What is expected is a word-for-word copy of all the entries.
*** Opening of Given records ***
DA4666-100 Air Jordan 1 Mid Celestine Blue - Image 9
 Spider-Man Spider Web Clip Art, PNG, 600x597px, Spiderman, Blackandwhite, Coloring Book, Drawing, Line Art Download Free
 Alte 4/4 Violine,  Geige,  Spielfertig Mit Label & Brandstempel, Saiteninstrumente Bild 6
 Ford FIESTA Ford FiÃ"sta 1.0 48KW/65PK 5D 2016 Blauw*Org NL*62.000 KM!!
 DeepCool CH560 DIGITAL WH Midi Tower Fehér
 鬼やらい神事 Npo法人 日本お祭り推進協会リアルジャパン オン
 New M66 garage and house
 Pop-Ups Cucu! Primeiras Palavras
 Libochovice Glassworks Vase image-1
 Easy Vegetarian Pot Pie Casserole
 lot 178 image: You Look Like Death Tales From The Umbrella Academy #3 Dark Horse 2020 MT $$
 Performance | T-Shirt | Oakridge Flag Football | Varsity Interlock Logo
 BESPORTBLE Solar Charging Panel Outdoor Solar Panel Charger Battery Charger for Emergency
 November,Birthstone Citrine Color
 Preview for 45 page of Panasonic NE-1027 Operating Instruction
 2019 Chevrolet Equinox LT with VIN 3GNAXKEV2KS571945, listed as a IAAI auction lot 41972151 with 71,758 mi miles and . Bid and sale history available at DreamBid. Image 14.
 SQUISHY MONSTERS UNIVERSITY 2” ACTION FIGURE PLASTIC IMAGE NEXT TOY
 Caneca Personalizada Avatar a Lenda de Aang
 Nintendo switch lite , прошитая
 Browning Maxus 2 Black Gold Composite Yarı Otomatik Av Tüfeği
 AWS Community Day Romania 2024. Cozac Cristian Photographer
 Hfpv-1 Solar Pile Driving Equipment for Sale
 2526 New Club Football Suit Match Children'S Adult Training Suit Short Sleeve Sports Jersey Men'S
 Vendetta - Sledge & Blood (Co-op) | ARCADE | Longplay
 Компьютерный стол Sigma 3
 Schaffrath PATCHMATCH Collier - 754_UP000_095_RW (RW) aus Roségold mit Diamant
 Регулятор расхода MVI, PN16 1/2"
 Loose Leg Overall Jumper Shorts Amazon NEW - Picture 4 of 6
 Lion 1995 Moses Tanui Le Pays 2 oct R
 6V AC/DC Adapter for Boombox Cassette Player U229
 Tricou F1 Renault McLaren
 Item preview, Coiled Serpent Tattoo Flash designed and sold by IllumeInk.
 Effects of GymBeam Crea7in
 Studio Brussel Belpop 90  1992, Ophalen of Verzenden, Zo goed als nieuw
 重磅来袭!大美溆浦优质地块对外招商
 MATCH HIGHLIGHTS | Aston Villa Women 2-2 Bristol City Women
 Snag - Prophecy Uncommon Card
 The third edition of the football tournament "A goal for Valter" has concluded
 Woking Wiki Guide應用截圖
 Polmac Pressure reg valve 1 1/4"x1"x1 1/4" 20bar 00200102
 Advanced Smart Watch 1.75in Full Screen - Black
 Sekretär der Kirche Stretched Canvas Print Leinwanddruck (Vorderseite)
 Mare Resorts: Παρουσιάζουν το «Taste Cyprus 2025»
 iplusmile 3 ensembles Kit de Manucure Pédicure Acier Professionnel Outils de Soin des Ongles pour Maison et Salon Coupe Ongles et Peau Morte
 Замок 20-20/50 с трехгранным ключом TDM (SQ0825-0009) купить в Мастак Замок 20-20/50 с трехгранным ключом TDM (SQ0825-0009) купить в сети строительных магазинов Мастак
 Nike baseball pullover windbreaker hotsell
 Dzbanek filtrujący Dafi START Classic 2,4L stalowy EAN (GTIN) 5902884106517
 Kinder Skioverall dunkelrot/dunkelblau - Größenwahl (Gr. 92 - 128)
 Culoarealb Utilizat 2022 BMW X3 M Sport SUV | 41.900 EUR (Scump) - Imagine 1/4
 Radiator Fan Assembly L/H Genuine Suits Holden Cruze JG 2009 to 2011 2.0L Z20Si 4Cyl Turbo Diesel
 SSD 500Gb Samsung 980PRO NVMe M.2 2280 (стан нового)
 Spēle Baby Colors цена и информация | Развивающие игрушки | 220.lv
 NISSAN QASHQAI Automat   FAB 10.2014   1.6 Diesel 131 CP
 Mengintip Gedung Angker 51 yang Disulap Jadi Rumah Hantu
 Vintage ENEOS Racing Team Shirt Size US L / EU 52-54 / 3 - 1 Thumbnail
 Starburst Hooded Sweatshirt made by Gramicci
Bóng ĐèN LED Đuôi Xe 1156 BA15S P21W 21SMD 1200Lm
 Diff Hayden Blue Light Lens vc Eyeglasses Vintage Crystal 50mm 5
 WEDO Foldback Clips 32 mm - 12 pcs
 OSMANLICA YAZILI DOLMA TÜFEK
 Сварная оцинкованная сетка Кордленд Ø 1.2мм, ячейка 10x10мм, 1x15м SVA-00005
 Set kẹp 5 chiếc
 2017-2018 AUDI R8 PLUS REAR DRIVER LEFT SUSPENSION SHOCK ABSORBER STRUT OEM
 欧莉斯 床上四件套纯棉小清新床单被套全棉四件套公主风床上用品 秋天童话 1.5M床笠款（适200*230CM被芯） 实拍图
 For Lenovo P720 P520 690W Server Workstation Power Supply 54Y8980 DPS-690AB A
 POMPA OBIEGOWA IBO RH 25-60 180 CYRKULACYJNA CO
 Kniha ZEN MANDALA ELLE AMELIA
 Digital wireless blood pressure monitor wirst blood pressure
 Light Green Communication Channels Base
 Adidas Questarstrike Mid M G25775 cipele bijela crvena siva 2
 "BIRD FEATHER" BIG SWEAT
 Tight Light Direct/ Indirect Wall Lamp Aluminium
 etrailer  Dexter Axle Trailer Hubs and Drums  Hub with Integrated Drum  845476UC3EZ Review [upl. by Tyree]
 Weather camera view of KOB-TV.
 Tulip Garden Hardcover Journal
*** Close of Given records ***
• **Finished exercise**:
DA4666-100 Air Jordan 1 Mid Celestine Blue - Image 9
 Spider-Man Spider Web Clip Art, PNG, 600x597px, Spiderman, Blackandwhite, Coloring Book, Drawing, Line Art Download Free
 Alte 4/4 Violine,  Geige,  Spielfertig Mit Label & Brandstempel, Saiteninstrumente Bild 6
 Ford FIESTA Ford FiÃ"sta 1.0 48KW/65PK 5D 2016 Blauw*Org NL*62.000 KM!!
 DeepCool CH560 DIGITAL WH Midi Tower Fehér
 鬼やらい神事 Npo法人 日本お祭り推進協会リアルジャパン オン
 New M66 garage and house
 Pop-Ups Cucu! Primeiras Palavras
 Libochovice Glassworks Vase image-1
 Easy Vegetarian Pot Pie Casserole
 lot 178 image: You Look Like Death Tales From The Umbrella Academy #3 Dark Horse 2020 MT $$
 Performance | T-Shirt | Oakridge Flag Football | Varsity Interlock Logo
 BESPORTBLE Solar Charging Panel Outdoor Solar Panel Charger Battery Charger for Emergency
 November,Birthstone Citrine Color
 Preview for 45 page of Panasonic NE-1027 Operating Instruction
 2019 Chevrolet Equinox LT with VIN 3GNAXKEV2KS571945, listed as a IAAI auction lot 41972151 with 71,758 mi miles and . Bid and sale history available at DreamBid. Image 14.
 SQUISHY MONSTERS UNIVERSITY 2” ACTION FIGURE PLASTIC IMAGE NEXT TOY
 Caneca Personalizada Avatar a Lenda de Aang
 Nintendo switch lite , прошитая
 Browning Maxus 2 Black Gold Composite Yarı Otomatik Av Tüfeği
 AWS Community Day Romania 2024. Cozac Cristian Photographer
 Hfpv-1 Solar Pile Driving Equipment for Sale
 2526 New Club Football Suit Match Children'S Adult Training Suit Short Sleeve Sports Jersey Men'S
 Vendetta - Sledge & Blood (Co-op) | ARCADE | Longplay
 Компьютерный стол Sigma 3
 Schaffrath PATCHMATCH Collier - 754_UP000_095_RW (RW) aus Roségold mit Diamant
 Регулятор расхода MVI, PN16 1/2"
 Loose Leg Overall Jumper Shorts Amazon NEW - Picture 4 of 6
 Lion 1995 Moses Tanui Le Pays 2 oct R
 6V AC/DC Adapter for Boombox Cassette Player U229
 Tricou F1 Renault McLaren
 Item preview, Coiled Serpent Tattoo Flash designed and sold by IllumeInk.
 Effects of GymBeam Crea7in
 Studio Brussel Belpop 90  1992, Ophalen of Verzenden, Zo goed als nieuw
 重磅来袭!大美溆浦优质地块对外招商
 MATCH HIGHLIGHTS | Aston Villa Women 2-2 Bristol City Women
 Snag - Prophecy Uncommon Card
 The third edition of the football tournament "A goal for Valter" has concluded
 Woking Wiki Guide應用截圖
 Polmac Pressure reg valve 1 1/4"x1"x1 1/4" 20bar 00200102
 Advanced Smart Watch 1.75in Full Screen - Black
 Sekretär der Kirche Stretched Canvas Print Leinwanddruck (Vorderseite)
 Mare Resorts: Παρουσιάζουν το «Taste Cyprus 2025»
 iplusmile 3 ensembles Kit de Manucure Pédicure Acier Professionnel Outils de Soin des Ongles pour Maison et Salon Coupe Ongles et Peau Morte
 Замок 20-20/50 с трехгранным ключом TDM (SQ0825-0009) купить в Мастак Замок 20-20/50 с трехгранным ключом TDM (SQ0825-0009) купить в сети строительных магазинов Мастак
 Nike baseball pullover windbreaker hotsell
 Dzbanek filtrujący Dafi START Classic 2,4L stalowy EAN (GTIN) 5902884106517
 Kinder Skioverall dunkelrot/dunkelblau - Größenwahl (Gr. 92 - 128)
 Culoarealb Utilizat 2022 BMW X3 M Sport SUV | 41.900 EUR (Scump) - Imagine 1/4
 Radiator Fan Assembly L/H Genuine Suits Holden Cruze JG 2009 to 2011 2.0L Z20Si 4Cyl Turbo Diesel
 SSD 500Gb Samsung 980PRO NVMe M.2 2280 (стан нового)
 Spēle Baby Colors цена и информация | Развивающие игрушки | 220.lv
 NISSAN QASHQAI Automat   FAB 10.2014   1.6 Diesel 131 CP
 Mengintip Gedung Angker 51 yang Disulap Jadi Rumah Hantu
 Vintage ENEOS Racing Team Shirt Size US L / EU 52-54 / 3 - 1 Thumbnail
 Starburst Hooded Sweatshirt made by Gramicci
Bóng ĐèN LED Đuôi Xe 1156 BA15S P21W 21SMD 1200Lm
 Diff Hayden Blue Light Lens vc Eyeglasses Vintage Crystal 50mm 5
 WEDO Foldback Clips 32 mm - 12 pcs
 OSMANLICA YAZILI DOLMA TÜFEK
 Сварная оцинкованная сетка Кордленд Ø 1.2мм, ячейка 10x10мм, 1x15м SVA-00005
 Set kẹp 5 chiếc
 2017-2018 AUDI R8 PLUS REAR DRIVER LEFT SUSPENSION SHOCK ABSORBER STRUT OEM
 欧莉斯 床上四件套纯棉小清新床单被套全棉四件套公主风床上用品 秋天童话 1.5M床笠款（适200*230CM被芯） 实拍图
 For Lenovo P720 P520 690W Server Workstation Power Supply 54Y8980 DPS-690AB A
 POMPA OBIEGOWA IBO RH 25-60 180 CYRKULACYJNA CO
 Kniha ZEN MANDALA ELLE AMELIA
 Digital wireless blood pressure monitor wirst blood pressure
 Light Green Communication Channels Base
 Adidas Questarstrike Mid M G25775 cipele bijela crvena siva 2
 "BIRD FEATHER" BIG SWEAT
 Tight Light Direct/ Indirect Wall Lamp Aluminium
 etrailer  Dexter Axle Trailer Hubs and Drums  Hub with Integrated Drum  845476UC3EZ Review [upl. by Tyree]
 Weather camera view of KOB-TV.
 Tulip Garden Hardcover Journal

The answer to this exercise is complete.